Start of DATA SHOWN

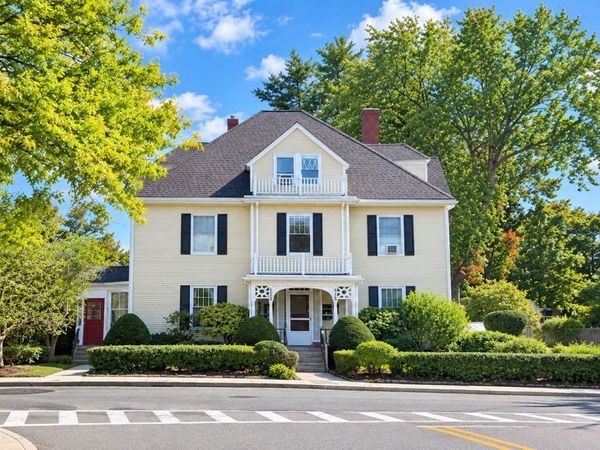 628 Washington Street, Unit 3, Wellesley, MA 02482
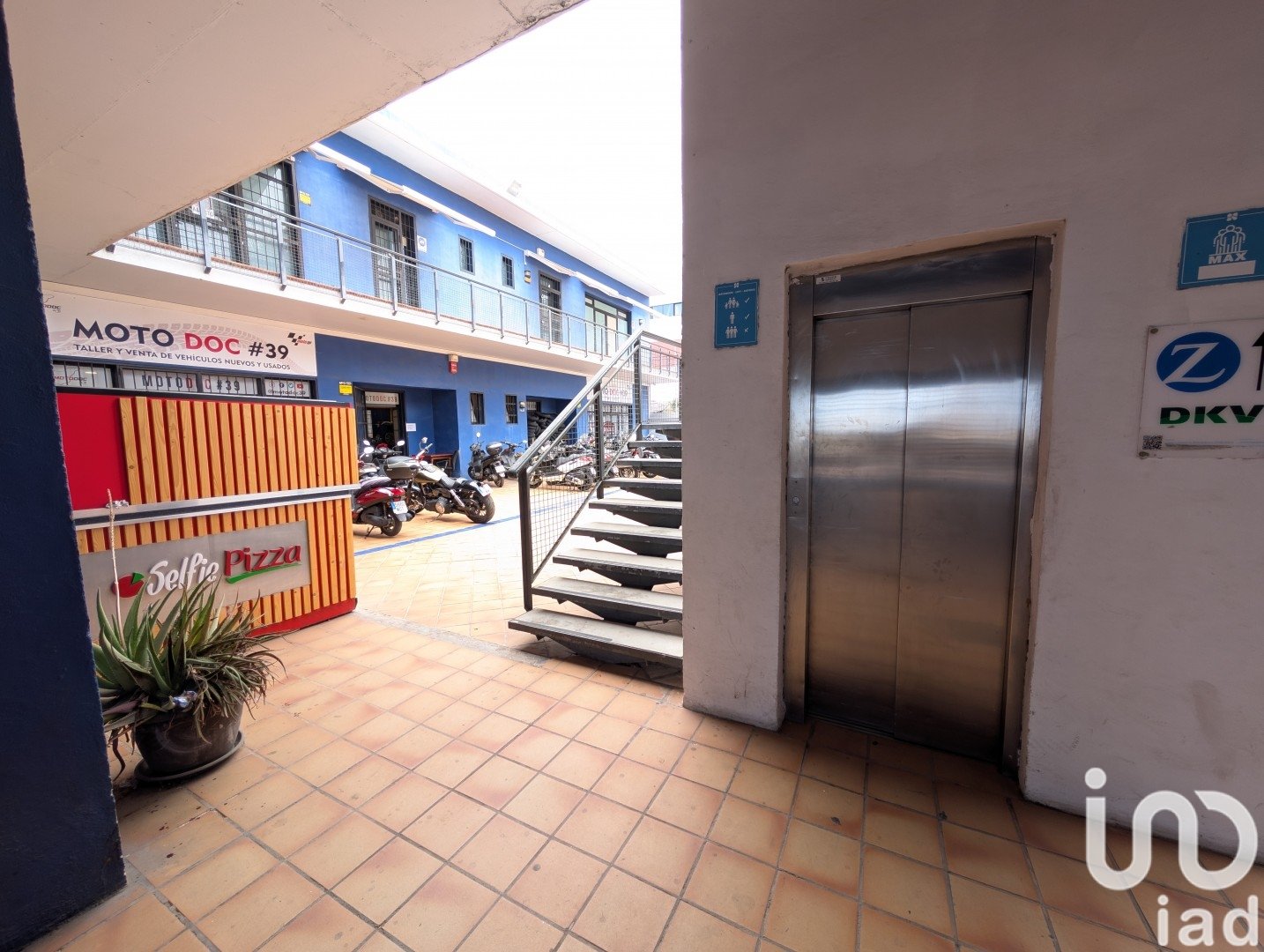Commercial property à Adeje, Tenerife, Espagne 1022 m2 No. 153238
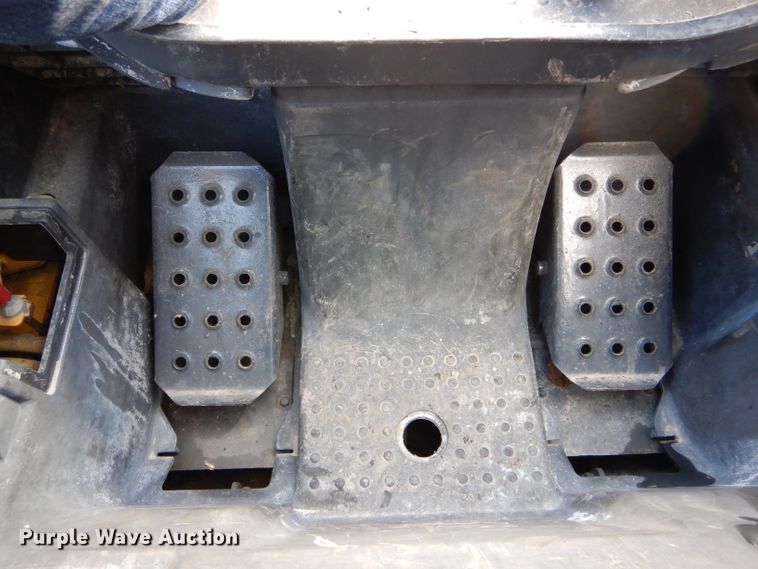 image for item DH6915 2013 John Deere 318D skid steer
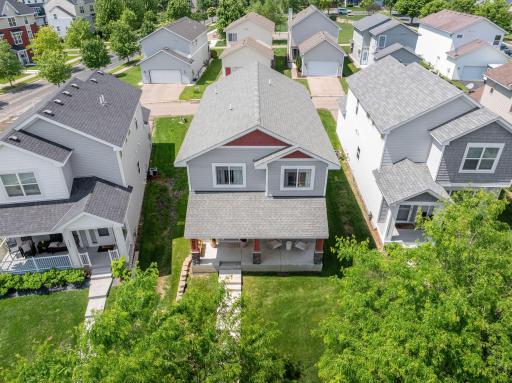 3062 Walden Drive, Chaska, MN 55318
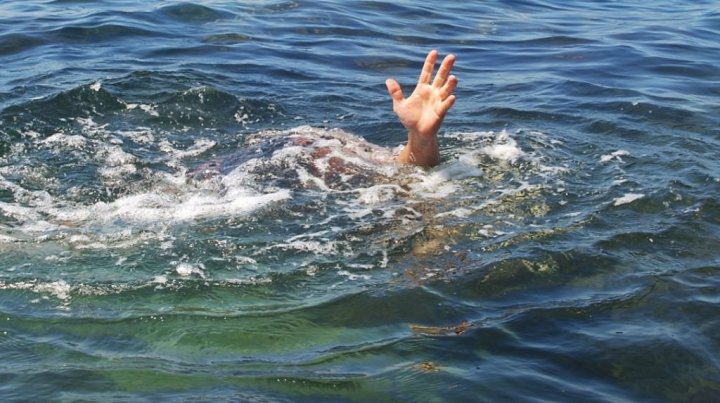 В Янгиере сотрудники МЧС спасли тонущего гражданина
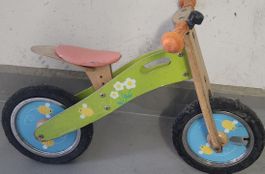Süsses Laufrad aus Holz für kleine Entdecker ab 2 Jahre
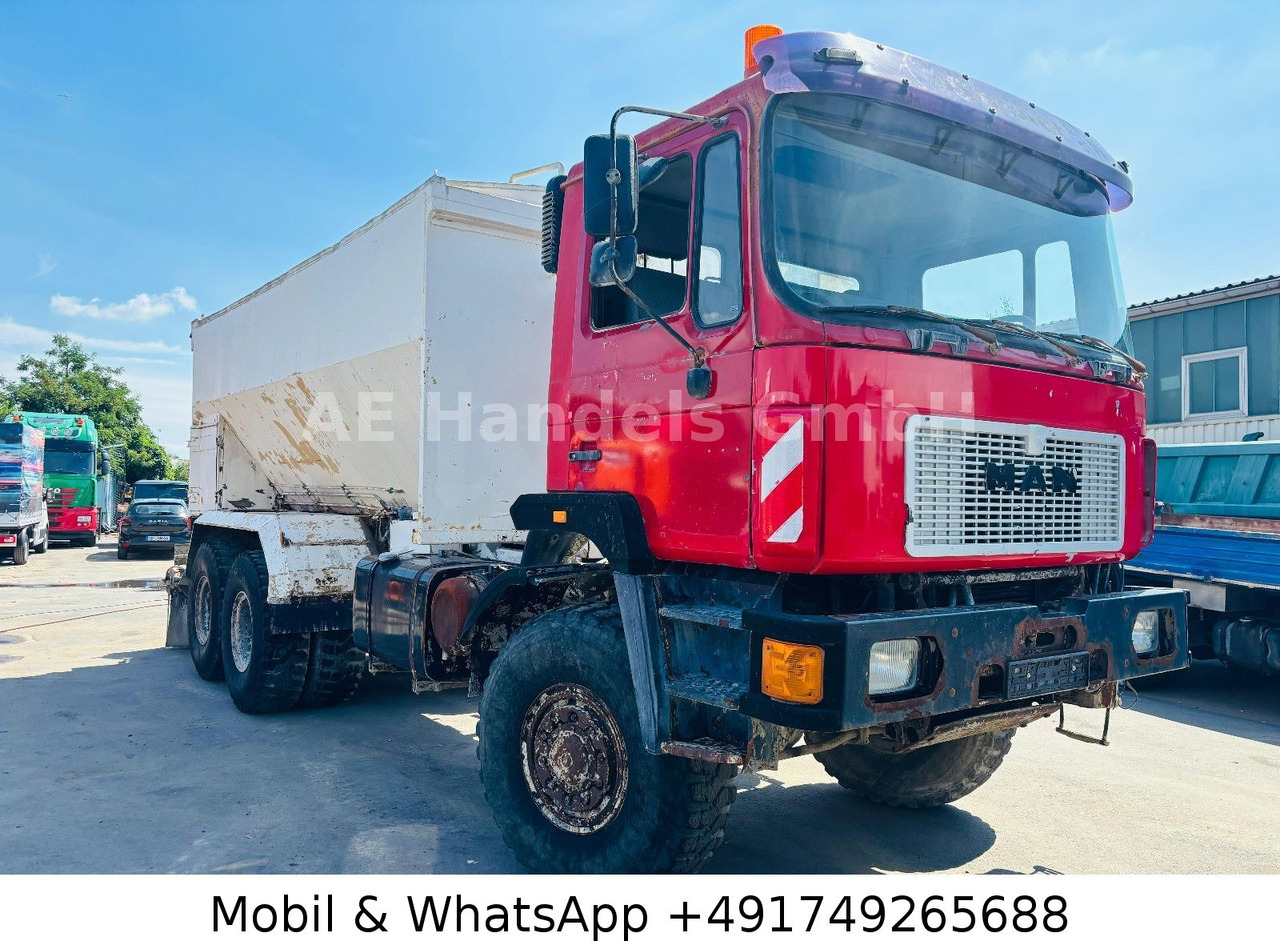 MAN F10 BB 6x6 Bindemittelstreuer *Manual/Analog - Camion: photos 3 MAN F10 BB 6x6 Bindemittelstreuer *Manual/Analog - Camion: photos 3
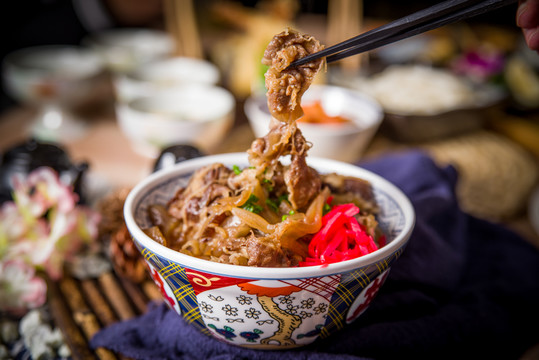 牛肉飯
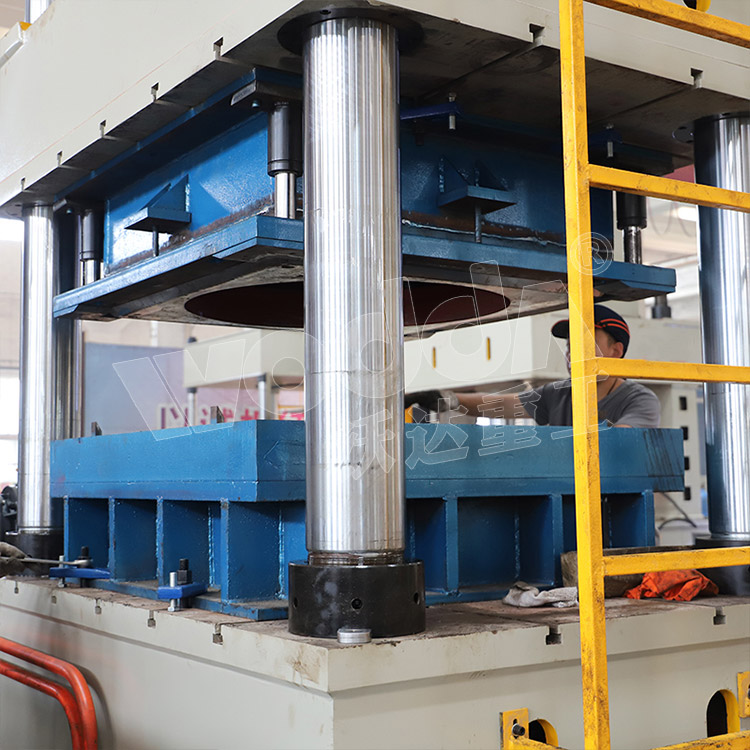 500噸不銹鋼水箱液壓機(立柱) 500噸不銹鋼水箱液壓機(立柱)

End of DATA SHOWN

• _TASK PROMPT_:
When copying the entries, drop the images and keep every line exact.

• _ANSWER SPACE_:
 628 Washington Street, Unit 3, Wellesley, MA 02482
Commercial property à Adeje, Tenerife, Espagne 1022 m2 No. 153238
 image for item DH6915 2013 John Deere 318D skid steer
 3062 Walden Drive, Chaska, MN 55318
 В Янгиере сотрудники МЧС спасли тонущего гражданина
Süsses Laufrad aus Holz für kleine Entdecker ab 2 Jahre
 MAN F10 BB 6x6 Bindemittelstreuer *Manual/Analog - Camion: photos 3 MAN F10 BB 6x6 Bindemittelstreuer *Manual/Analog - Camion: photos 3
 牛肉飯
 500噸不銹鋼水箱液壓機(立柱) 500噸不銹鋼水箱液壓機(立柱)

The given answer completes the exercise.